- Data shown:
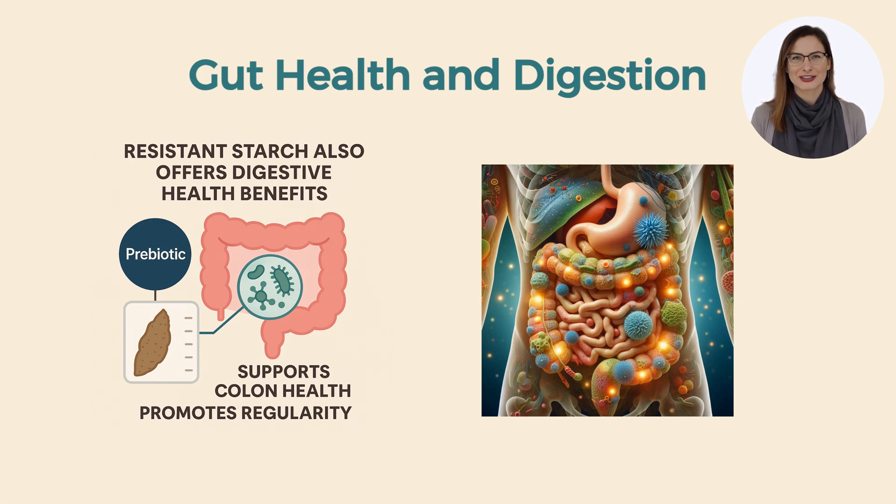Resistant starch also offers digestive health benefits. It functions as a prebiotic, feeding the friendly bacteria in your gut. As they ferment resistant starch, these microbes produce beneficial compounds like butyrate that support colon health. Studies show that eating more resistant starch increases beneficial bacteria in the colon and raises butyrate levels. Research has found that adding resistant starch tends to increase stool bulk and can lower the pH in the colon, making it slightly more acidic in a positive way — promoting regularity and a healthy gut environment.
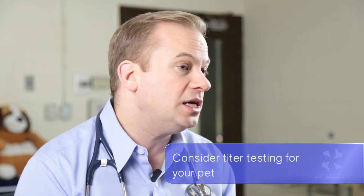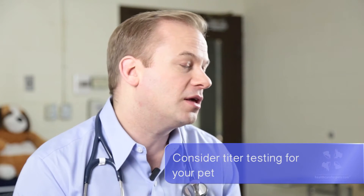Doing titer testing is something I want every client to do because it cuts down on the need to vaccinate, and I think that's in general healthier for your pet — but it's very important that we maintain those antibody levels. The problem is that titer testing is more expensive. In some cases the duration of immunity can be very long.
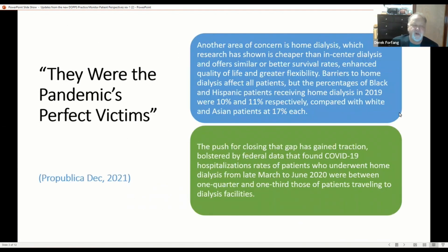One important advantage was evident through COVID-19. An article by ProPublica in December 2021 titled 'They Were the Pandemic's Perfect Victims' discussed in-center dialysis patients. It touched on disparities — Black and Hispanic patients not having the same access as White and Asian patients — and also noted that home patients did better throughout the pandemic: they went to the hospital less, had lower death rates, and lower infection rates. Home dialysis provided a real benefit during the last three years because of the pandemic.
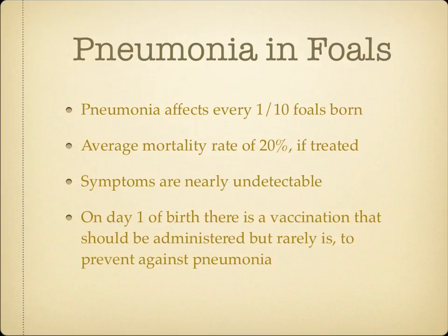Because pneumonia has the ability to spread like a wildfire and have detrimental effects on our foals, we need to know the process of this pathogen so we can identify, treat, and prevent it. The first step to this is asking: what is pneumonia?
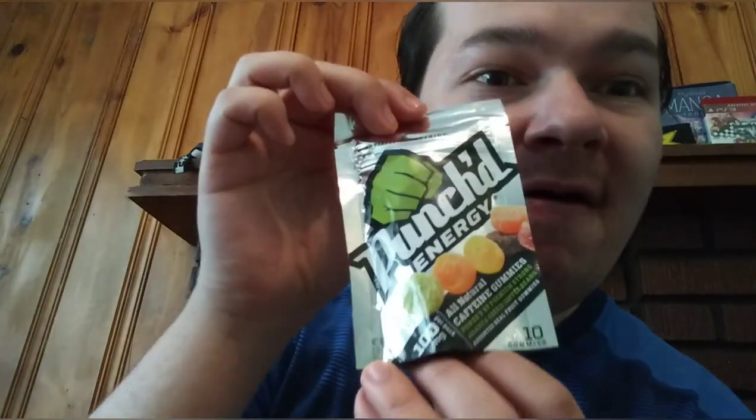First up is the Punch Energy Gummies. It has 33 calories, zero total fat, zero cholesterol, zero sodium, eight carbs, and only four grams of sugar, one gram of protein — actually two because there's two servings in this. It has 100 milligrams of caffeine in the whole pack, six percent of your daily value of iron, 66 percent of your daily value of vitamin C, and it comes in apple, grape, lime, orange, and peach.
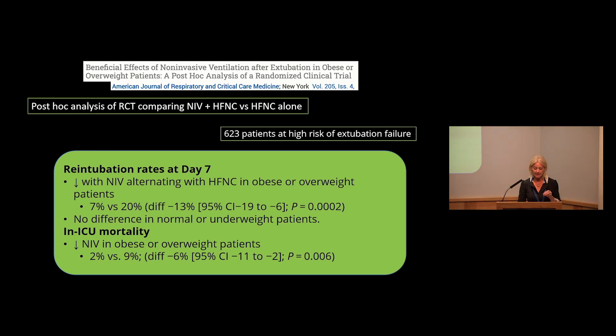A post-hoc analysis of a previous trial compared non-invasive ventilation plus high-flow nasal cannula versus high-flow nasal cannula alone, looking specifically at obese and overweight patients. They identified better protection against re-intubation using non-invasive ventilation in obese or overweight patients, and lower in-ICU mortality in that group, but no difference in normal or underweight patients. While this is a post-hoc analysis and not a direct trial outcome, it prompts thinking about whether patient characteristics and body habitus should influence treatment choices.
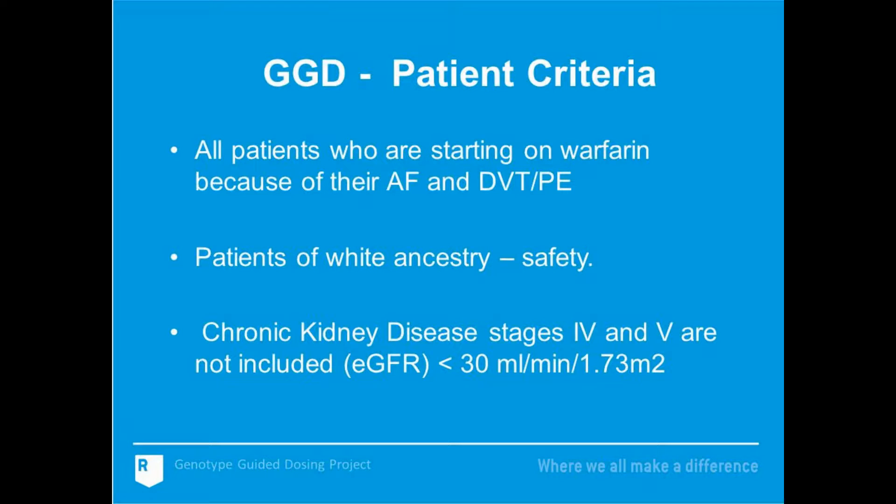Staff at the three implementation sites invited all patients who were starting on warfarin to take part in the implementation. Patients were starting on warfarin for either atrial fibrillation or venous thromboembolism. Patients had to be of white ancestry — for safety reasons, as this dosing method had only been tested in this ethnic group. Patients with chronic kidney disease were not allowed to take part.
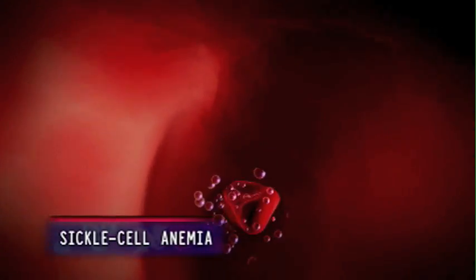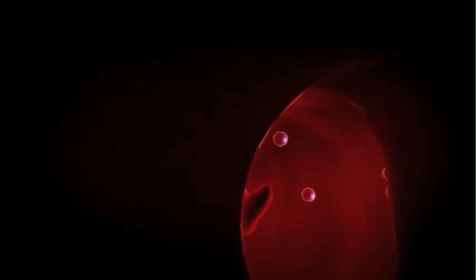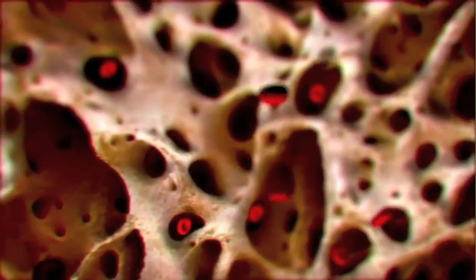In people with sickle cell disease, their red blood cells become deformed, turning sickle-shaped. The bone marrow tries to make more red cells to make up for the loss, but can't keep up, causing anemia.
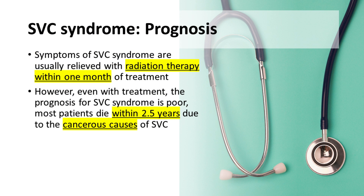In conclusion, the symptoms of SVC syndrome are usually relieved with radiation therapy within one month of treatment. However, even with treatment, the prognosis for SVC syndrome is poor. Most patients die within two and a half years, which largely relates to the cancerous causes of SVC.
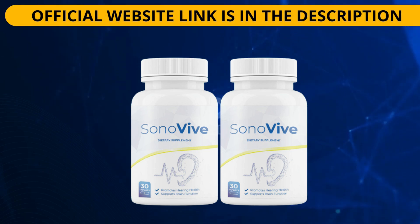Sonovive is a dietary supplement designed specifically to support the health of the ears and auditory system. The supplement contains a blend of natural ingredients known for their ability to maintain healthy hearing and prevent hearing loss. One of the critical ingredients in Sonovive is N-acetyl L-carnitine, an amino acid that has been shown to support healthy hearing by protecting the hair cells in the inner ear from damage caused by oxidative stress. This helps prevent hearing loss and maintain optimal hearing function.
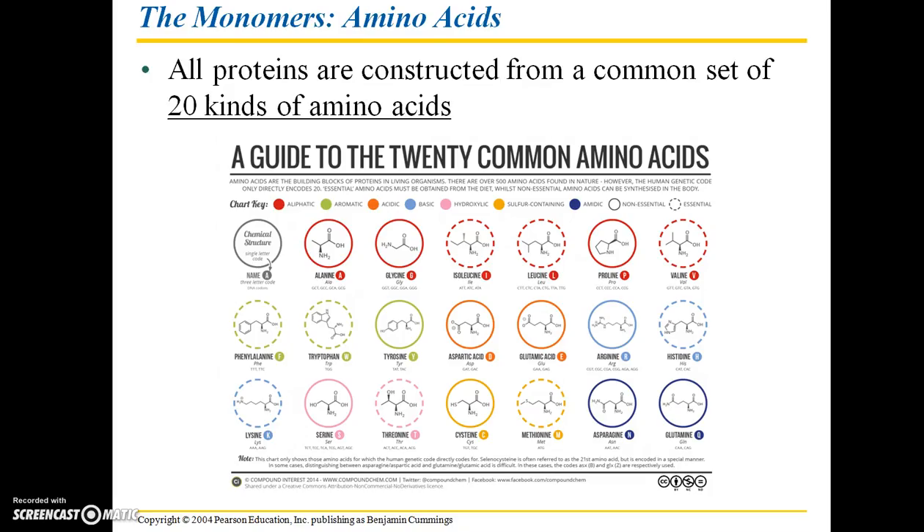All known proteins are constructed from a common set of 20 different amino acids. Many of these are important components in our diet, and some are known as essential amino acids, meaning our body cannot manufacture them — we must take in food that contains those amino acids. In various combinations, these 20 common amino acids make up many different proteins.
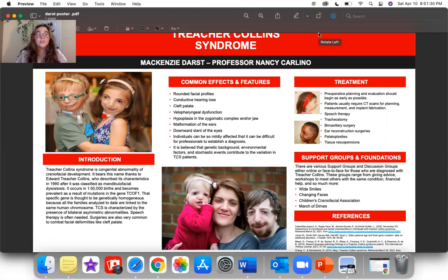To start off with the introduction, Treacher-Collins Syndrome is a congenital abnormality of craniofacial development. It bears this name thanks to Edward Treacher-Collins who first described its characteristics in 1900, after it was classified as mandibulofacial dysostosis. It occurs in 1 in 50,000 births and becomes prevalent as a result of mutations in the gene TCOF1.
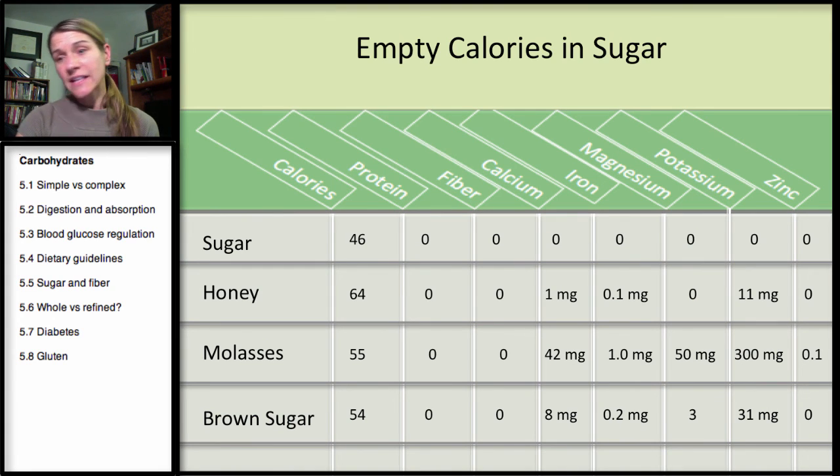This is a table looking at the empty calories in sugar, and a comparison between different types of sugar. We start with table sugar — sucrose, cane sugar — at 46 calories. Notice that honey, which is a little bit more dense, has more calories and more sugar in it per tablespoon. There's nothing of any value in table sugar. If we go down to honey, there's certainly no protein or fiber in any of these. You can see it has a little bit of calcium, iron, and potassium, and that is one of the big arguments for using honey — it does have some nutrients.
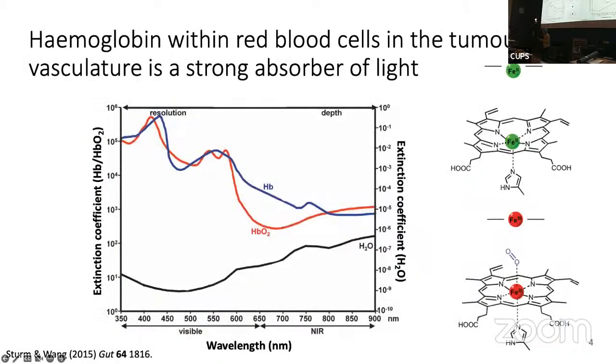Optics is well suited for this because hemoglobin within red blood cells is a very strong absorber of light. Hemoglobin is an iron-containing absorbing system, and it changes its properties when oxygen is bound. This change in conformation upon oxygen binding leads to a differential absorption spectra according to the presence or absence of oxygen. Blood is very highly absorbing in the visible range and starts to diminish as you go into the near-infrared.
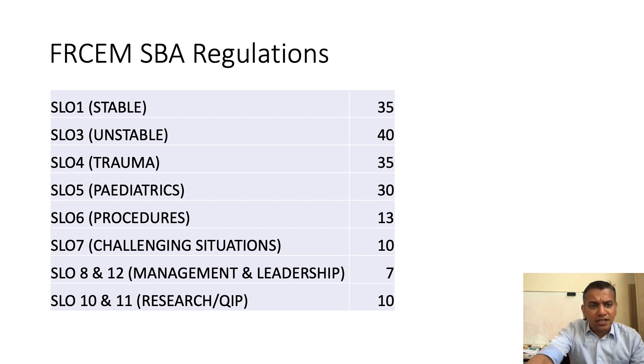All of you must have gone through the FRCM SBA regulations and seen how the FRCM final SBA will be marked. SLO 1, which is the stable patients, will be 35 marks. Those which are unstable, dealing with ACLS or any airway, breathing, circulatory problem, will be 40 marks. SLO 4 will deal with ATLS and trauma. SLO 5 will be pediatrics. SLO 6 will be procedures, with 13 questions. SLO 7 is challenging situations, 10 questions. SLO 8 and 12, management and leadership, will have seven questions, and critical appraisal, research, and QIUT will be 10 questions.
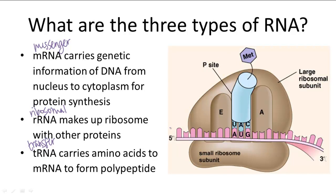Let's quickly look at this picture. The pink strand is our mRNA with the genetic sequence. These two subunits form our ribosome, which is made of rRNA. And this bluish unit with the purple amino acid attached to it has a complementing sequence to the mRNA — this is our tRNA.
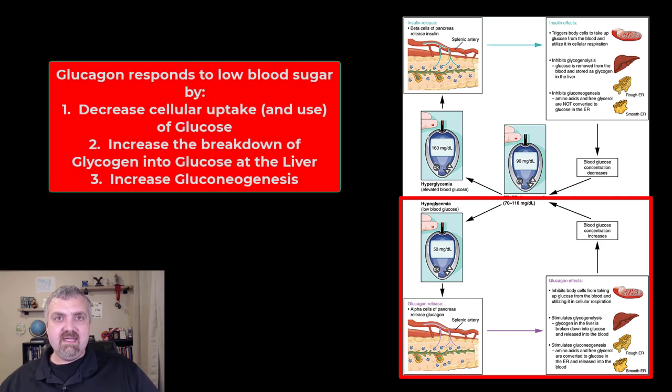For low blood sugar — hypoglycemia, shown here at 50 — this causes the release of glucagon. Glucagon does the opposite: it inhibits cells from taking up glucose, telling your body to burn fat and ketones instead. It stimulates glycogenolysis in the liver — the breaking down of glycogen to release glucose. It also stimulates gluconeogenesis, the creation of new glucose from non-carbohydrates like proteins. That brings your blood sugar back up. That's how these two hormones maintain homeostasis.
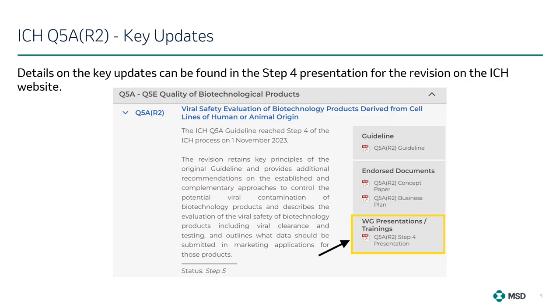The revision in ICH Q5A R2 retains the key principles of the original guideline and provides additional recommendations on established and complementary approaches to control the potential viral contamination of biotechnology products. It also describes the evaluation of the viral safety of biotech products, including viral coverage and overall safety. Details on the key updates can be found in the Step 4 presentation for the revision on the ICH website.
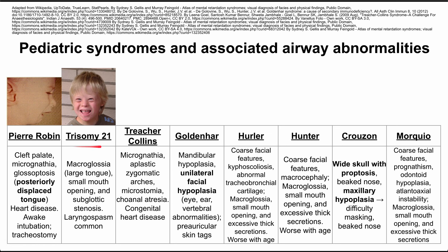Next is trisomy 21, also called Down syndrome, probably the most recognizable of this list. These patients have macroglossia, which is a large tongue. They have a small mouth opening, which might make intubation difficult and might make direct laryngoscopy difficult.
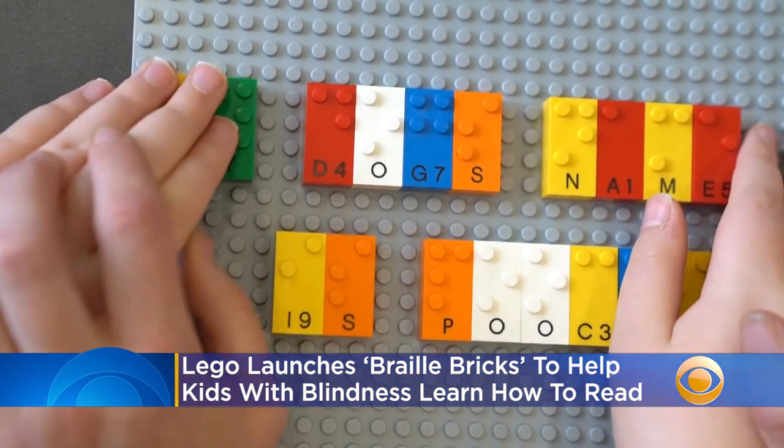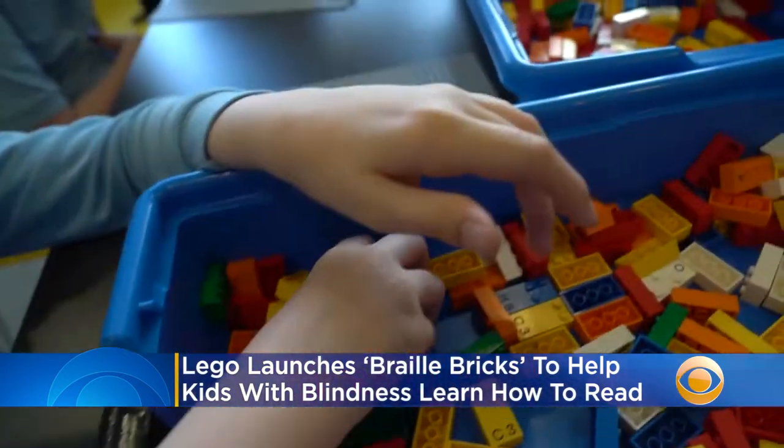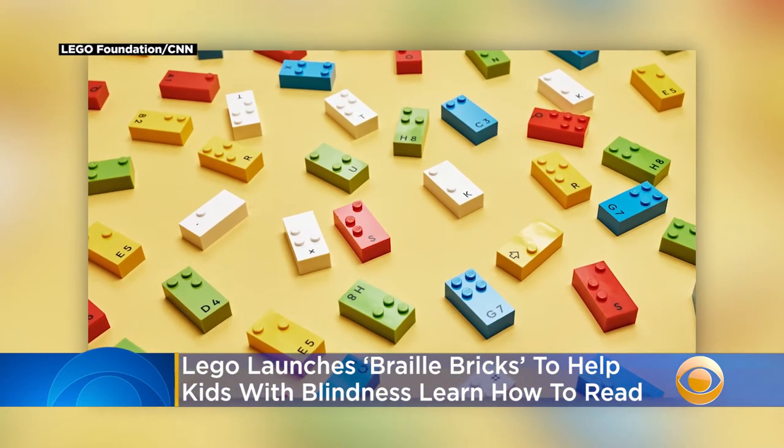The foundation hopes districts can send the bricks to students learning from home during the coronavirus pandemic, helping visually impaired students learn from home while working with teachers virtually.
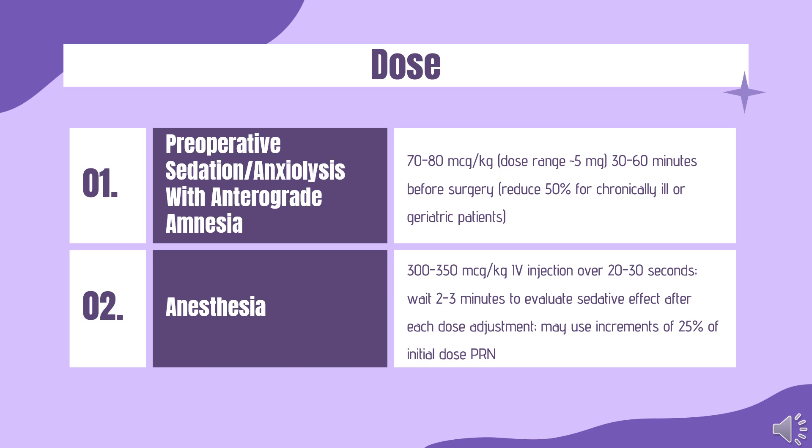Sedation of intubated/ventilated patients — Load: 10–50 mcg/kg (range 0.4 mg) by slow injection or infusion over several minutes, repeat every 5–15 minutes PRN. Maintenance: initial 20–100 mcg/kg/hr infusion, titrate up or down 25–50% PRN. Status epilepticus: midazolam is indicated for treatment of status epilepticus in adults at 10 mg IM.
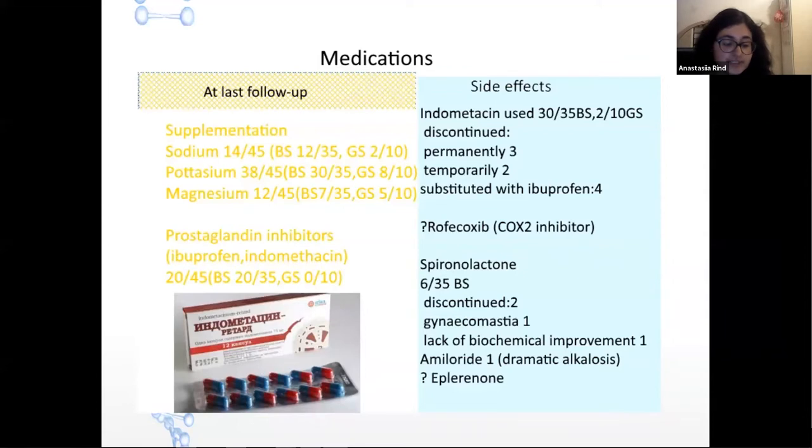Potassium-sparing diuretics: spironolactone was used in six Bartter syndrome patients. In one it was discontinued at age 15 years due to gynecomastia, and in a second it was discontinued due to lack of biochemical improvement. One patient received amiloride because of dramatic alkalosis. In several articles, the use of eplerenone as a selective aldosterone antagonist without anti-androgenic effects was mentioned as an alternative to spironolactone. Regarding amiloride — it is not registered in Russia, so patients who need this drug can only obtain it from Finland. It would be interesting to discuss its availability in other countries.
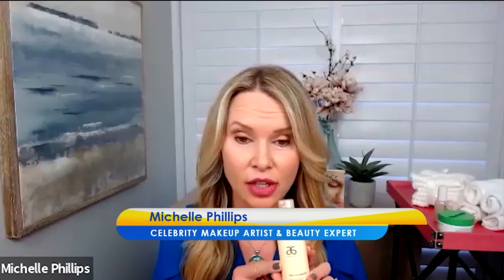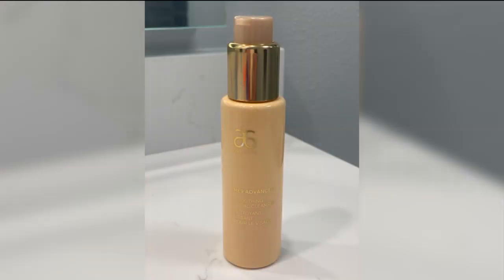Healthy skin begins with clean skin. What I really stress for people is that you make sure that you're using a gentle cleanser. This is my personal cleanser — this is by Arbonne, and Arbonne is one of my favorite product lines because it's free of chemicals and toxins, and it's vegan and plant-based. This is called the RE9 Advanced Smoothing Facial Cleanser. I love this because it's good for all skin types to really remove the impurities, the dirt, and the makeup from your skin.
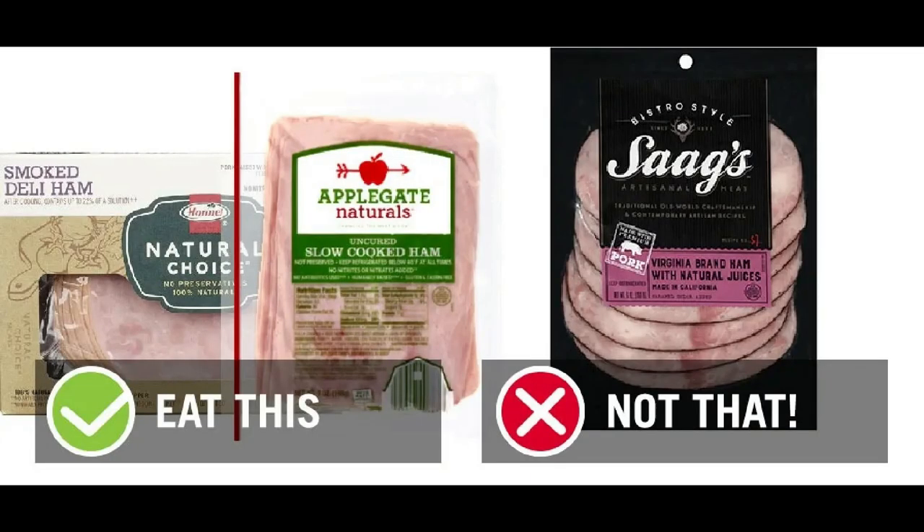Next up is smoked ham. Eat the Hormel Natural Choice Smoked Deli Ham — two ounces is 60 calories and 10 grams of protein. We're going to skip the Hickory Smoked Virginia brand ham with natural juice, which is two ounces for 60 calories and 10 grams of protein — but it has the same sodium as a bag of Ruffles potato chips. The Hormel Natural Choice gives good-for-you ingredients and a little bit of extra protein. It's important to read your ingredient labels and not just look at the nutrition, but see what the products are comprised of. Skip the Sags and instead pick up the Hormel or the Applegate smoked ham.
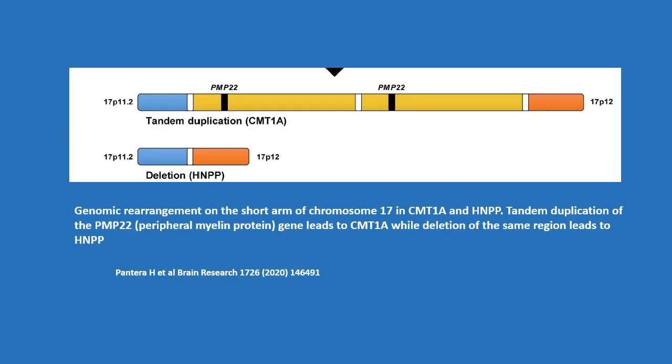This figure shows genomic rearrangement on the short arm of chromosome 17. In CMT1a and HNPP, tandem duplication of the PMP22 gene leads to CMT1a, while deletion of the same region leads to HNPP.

- Work item: Print everything from the line with "The foundation hopes" down to the line with "Potassium-sparing diuretics: spironolactone" in the entries above, both lines included and nothing more, without the pictures.

- Solution:
The foundation hopes districts can send the bricks to students learning from home during the coronavirus pandemic, helping visually impaired students learn from home while working with teachers virtually.
Sedation of intubated/ventilated patients — Load: 10–50 mcg/kg (range 0.4 mg) by slow injection or infusion over several minutes, repeat every 5–15 minutes PRN. Maintenance: initial 20–100 mcg/kg/hr infusion, titrate up or down 25–50% PRN. Status epilepticus: midazolam is indicated for treatment of status epilepticus in adults at 10 mg IM.
Potassium-sparing diuretics: spironolactone was used in six Bartter syndrome patients. In one it was discontinued at age 15 years due to gynecomastia, and in a second it was discontinued due to lack of biochemical improvement. One patient received amiloride because of dramatic alkalosis. In several articles, the use of eplerenone as a selective aldosterone antagonist without anti-androgenic effects was mentioned as an alternative to spironolactone. Regarding amiloride — it is not registered in Russia, so patients who need this drug can only obtain it from Finland. It would be interesting to discuss its availability in other countries.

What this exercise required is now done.